(Splash)
The hip-hop world has themselves a new gossip maven! Is it Remy Ma or Lil’ Kim or MIssy Elliot, or hell, Sisqo? Nope. It’s Akon! The “Smack That” dude revealed to the world that Eminem and Kim, whose second divorce finalized about a nanosecond ago, are…engaged? What in the hell?
Akon, who teamed up with the Stan star on hit song Smack That, says the couple may have their differences but can’t live without each other.
He said: “Eminem still loves Kim. They have one of those relationships where they are off one minute and back together the next. He can’t live with her, and he can’t live without her. But they are meant for each other. They are engaged again.”
Gossipy bitch says what? That’s completely deranged yet, sorta par for the course for those two. I don’t know if it’s true or not. But I hope she enjoys once again bucking the odds of her ending up as a corpse in his trunk. I’m sorry, I know it’s an old song, but he wrote a SONG ABOUT KILLING HER AND PUTTING HER IN HIS TRUNK. If she’s STILL tangling with his crazy ass, then those divorce pay-outs must be bank.


























How much money does Emmie-nemmy want to hand over to the psycho-bitch 2X divorced ex-wife? Apparently, all of it.
She’s blowing him again, and his little head is thinking for his big head.
Em might want to think about a PRE-NUP, or he’s going to end up broke. On the upside, that’s when Kim will go hunting for a new husband.
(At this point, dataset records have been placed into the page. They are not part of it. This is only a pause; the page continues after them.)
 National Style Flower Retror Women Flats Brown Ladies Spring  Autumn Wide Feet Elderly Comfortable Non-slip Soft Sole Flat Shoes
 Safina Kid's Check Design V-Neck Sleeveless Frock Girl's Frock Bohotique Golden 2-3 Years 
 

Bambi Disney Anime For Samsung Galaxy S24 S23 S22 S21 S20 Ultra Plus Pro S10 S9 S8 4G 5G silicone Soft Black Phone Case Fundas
The only way this is going to end is when one of them dies, probably at the hands of the other one. Very hillbilly, which makes it funny!
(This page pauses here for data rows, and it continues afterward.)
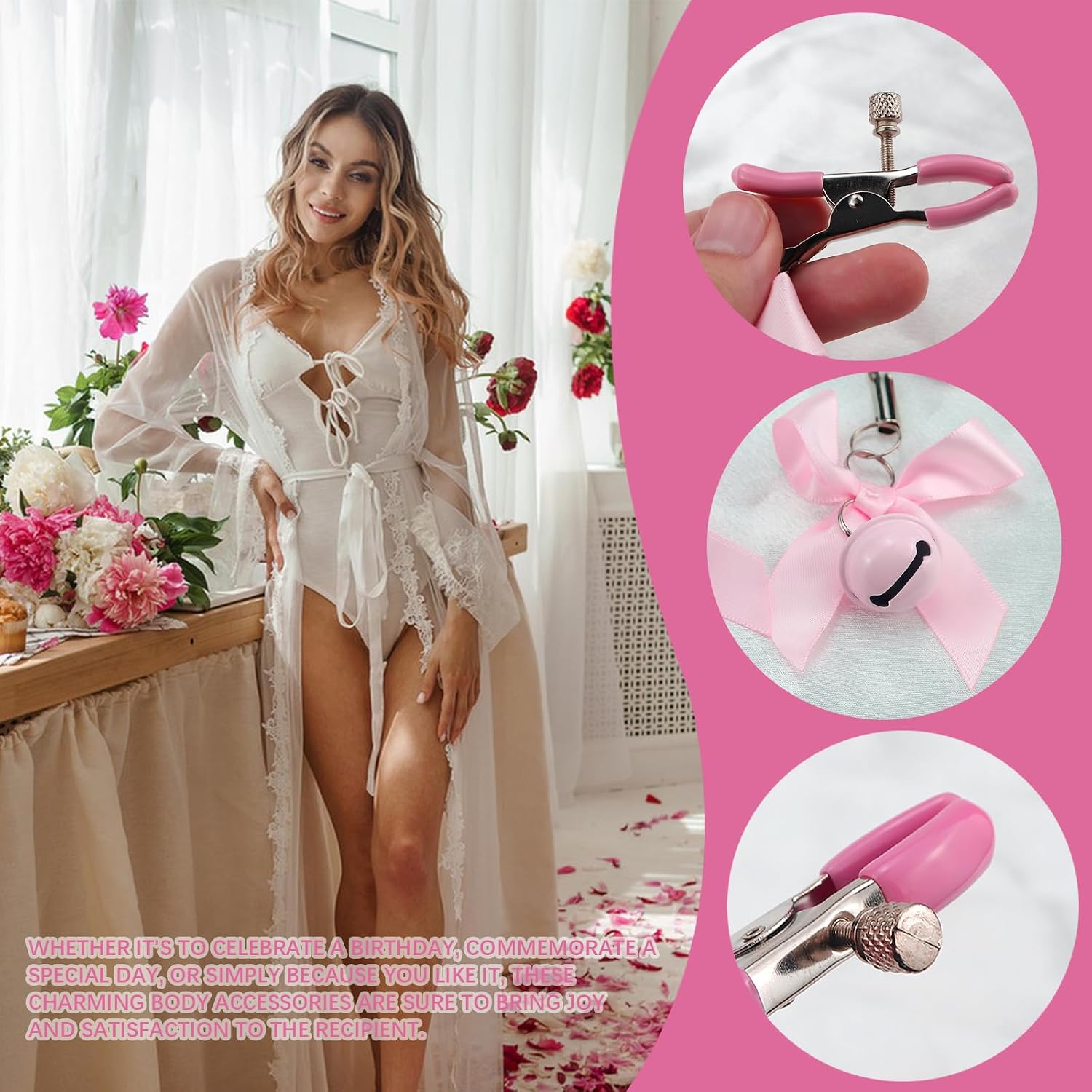 Stainless Steel Body Chain Jewelry Adjustable Bow Non-Piercing Clamp Chain Adjustable Body Clamps Body Jewelry Clip for Women
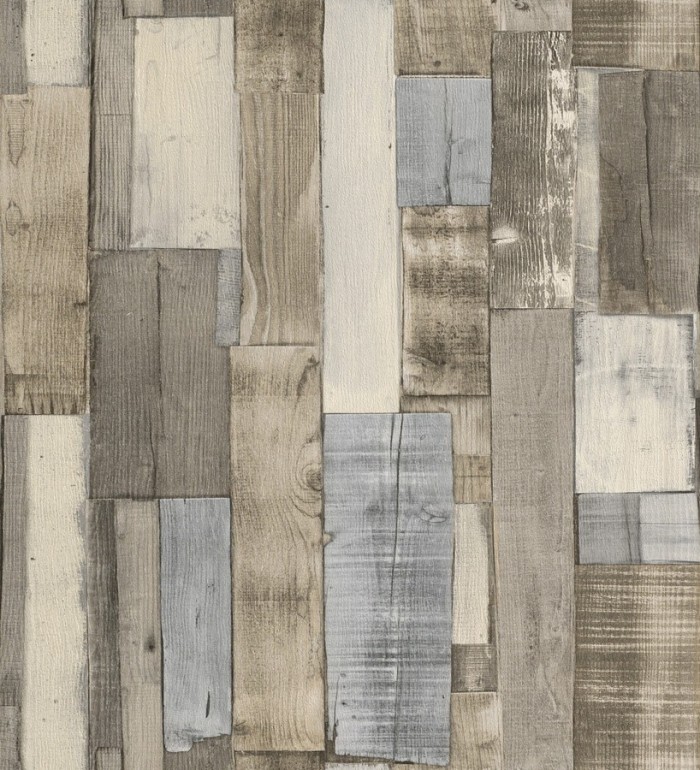 Papel pintado tablas de madera natural beige estilo nórdico - Portimao 6889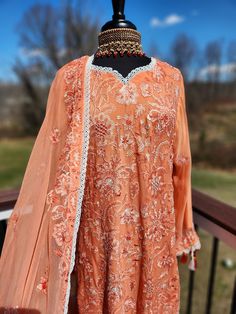 Beautiful orange and peach chikankari.  Ready to ship. Pure Chiffon, Salwar Kameez, Chiffon, Thread, Blazer, Pure Products, Orange, Clothes For Women, White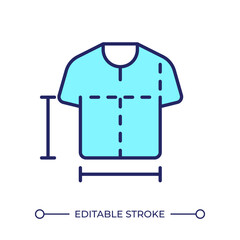 Sticker - T-shirt sizing RGB color icon. Tee design. Tshirt measurement. Agile methodology, workflow strategy. Business organization. Isolated vector illustration. Simple filled line drawing. Editable stroke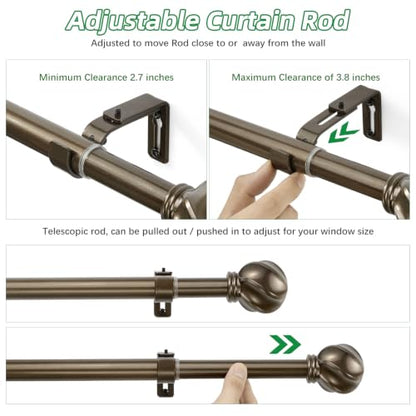 LLPJS Curtain Rods 16-136", 1 in Adjustable Brown Rod with Finials, 1 Pack - color: Brown, size: 16" to 136" - 1 pack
You know what they say: Third time’s a charm. Or not. Who the hell knows with these two.
I doubt eminem is violent to his girlfriends the way his songs sing about. A lot of people have diaries that look the way his songs sound.. but they dont show them around the way he does. It seems like the actual violent awful people around don’t express it. They are the sort of people you’de never expect it from. Like bundy for example who seemed normal. Ect. Anyway. Nice blog by the way..
Even though she’s not wearing her uber-fugly black lipliner, she’s still one of the fugliest bitches ever. I mean, she looks like a retarded otter!
That, my friends, is true love. Ugly, isn’t it?